- **Data section**:
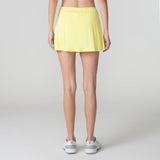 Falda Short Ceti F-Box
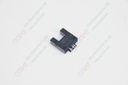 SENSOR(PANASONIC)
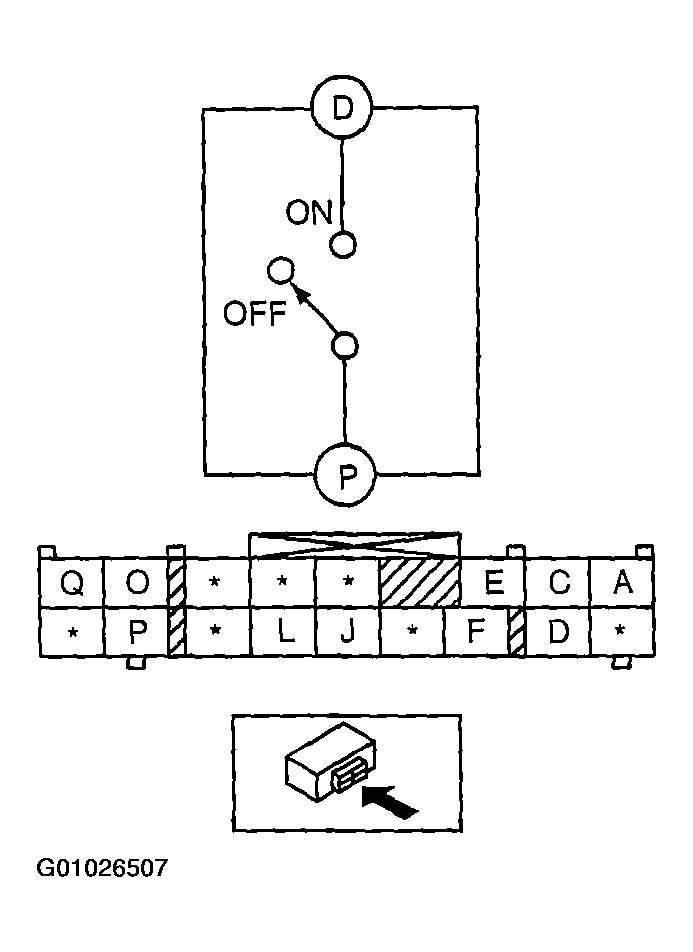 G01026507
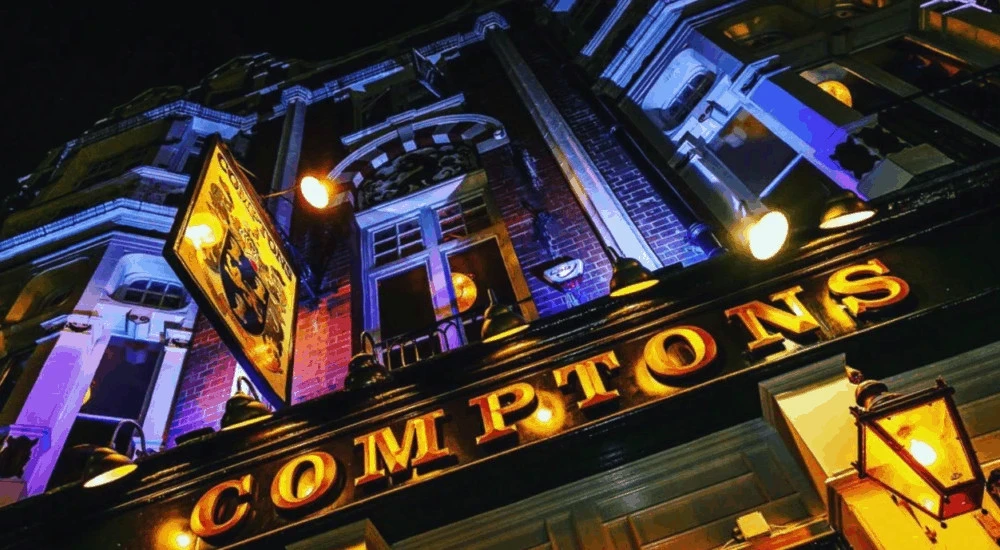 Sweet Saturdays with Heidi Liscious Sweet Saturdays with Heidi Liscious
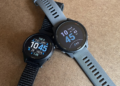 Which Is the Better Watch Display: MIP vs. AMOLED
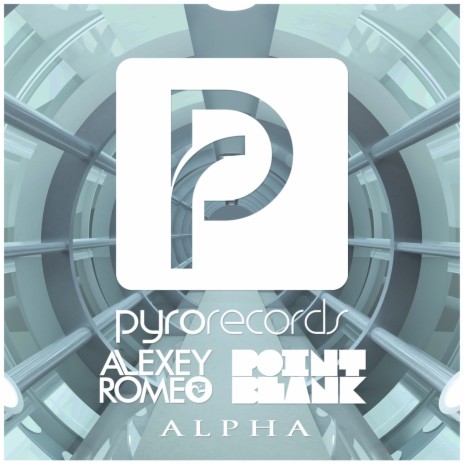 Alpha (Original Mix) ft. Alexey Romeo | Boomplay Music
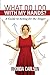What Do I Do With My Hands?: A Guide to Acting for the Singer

==

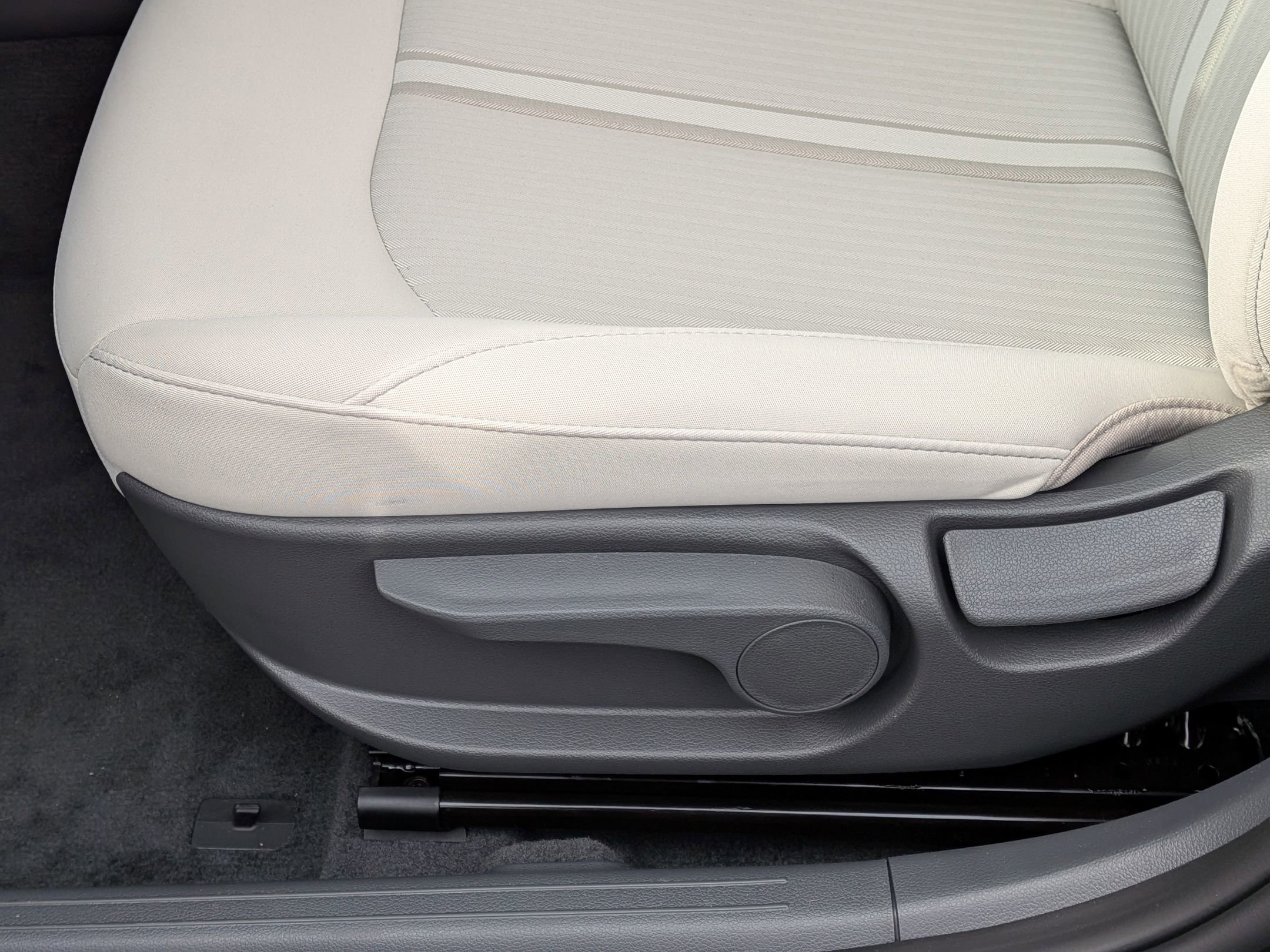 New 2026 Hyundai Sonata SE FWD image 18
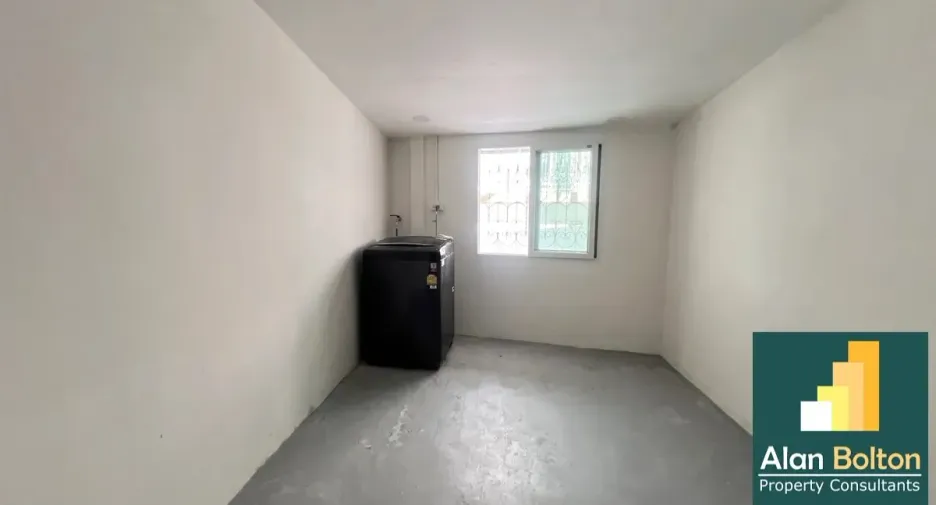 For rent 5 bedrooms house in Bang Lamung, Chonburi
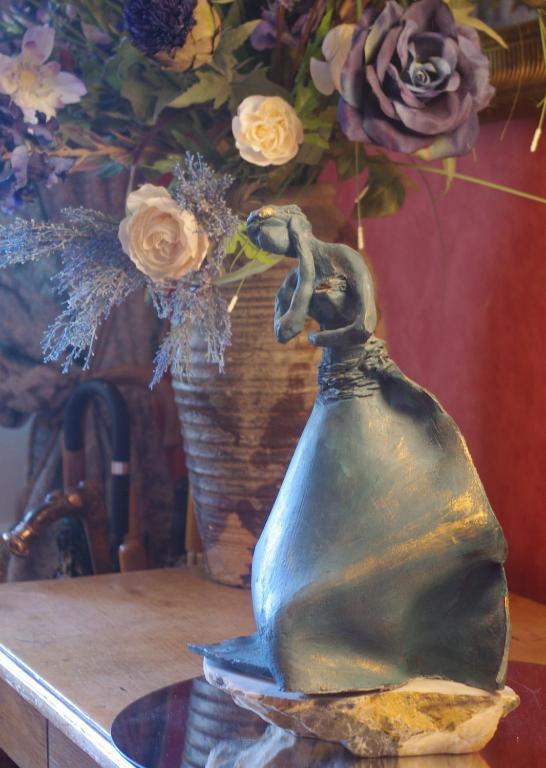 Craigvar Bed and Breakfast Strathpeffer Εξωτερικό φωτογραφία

==

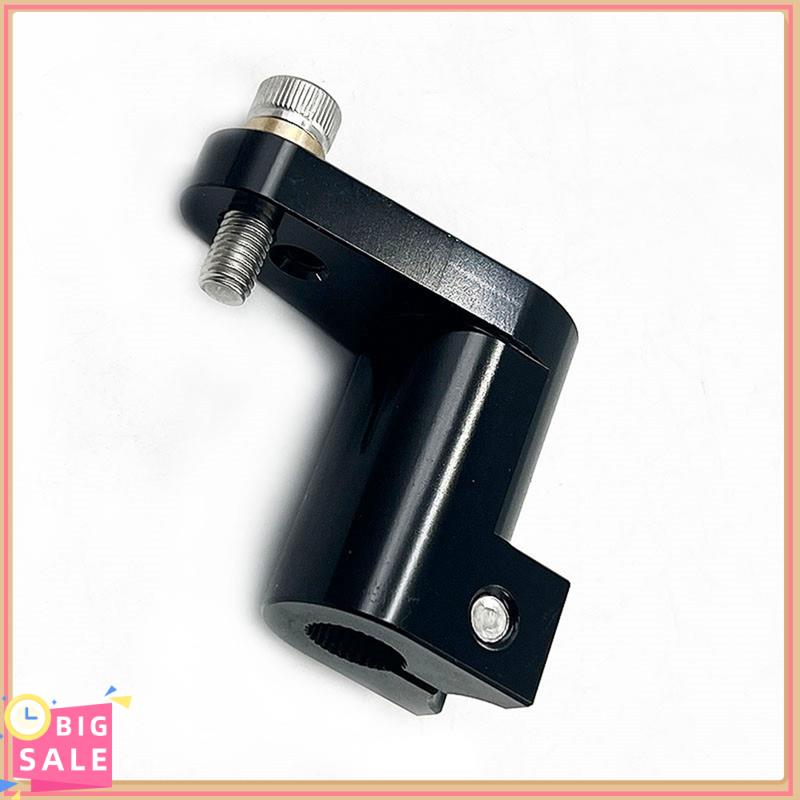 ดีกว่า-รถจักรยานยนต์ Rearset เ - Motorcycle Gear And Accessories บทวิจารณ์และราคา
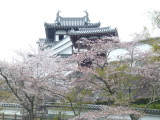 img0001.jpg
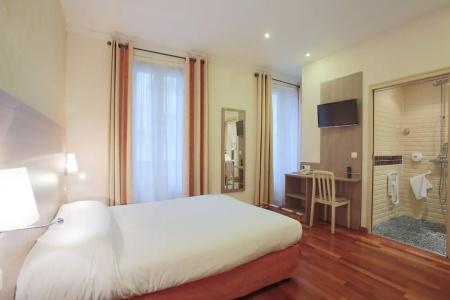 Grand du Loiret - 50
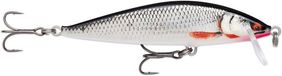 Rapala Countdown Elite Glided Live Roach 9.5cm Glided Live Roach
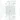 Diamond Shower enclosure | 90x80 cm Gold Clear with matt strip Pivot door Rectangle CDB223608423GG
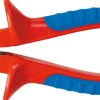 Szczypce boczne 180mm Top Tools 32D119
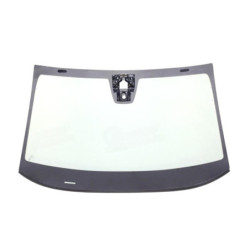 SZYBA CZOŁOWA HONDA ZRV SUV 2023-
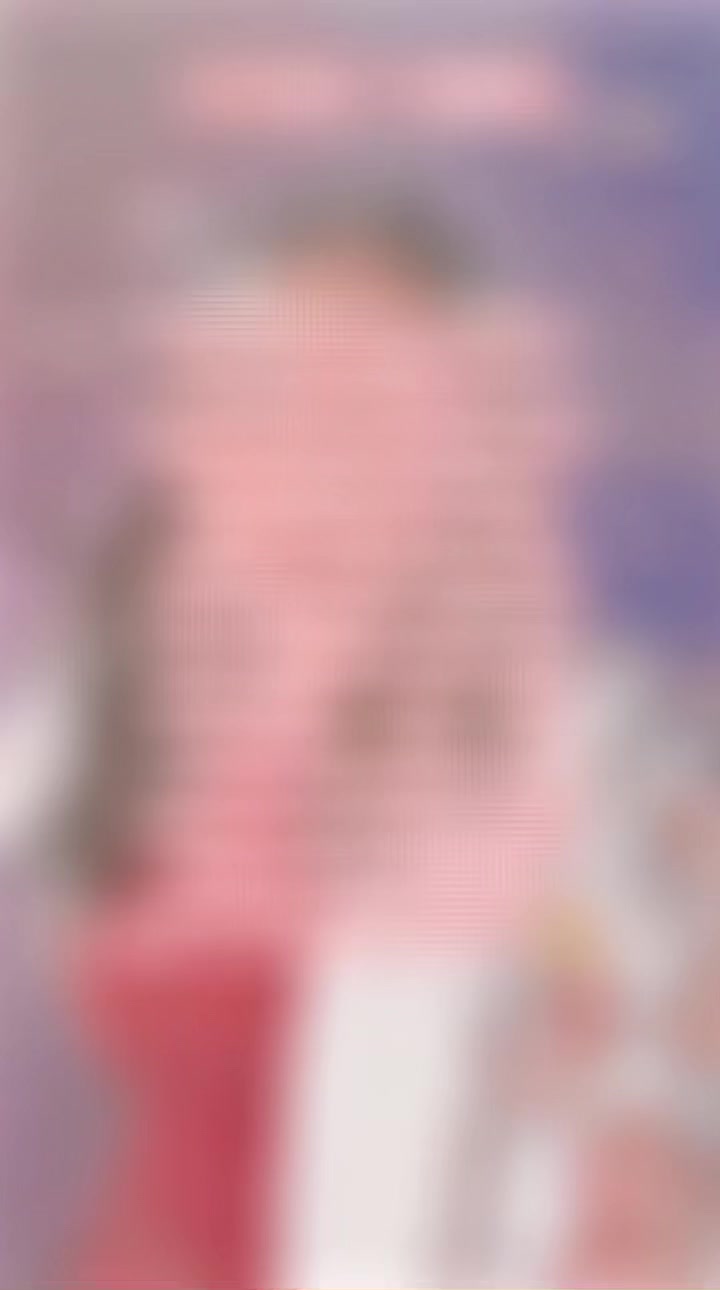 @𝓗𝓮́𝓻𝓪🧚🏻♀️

- **Exercise objective**: Output only the lines above from the line that holds "For rent 5 bedrooms" through the line that holds "Craigvar Bed and", both ends included, and exclude pictures.

- **Answer box**:
 For rent 5 bedrooms house in Bang Lamung, Chonburi
 Craigvar Bed and Breakfast Strathpeffer Εξωτερικό φωτογραφία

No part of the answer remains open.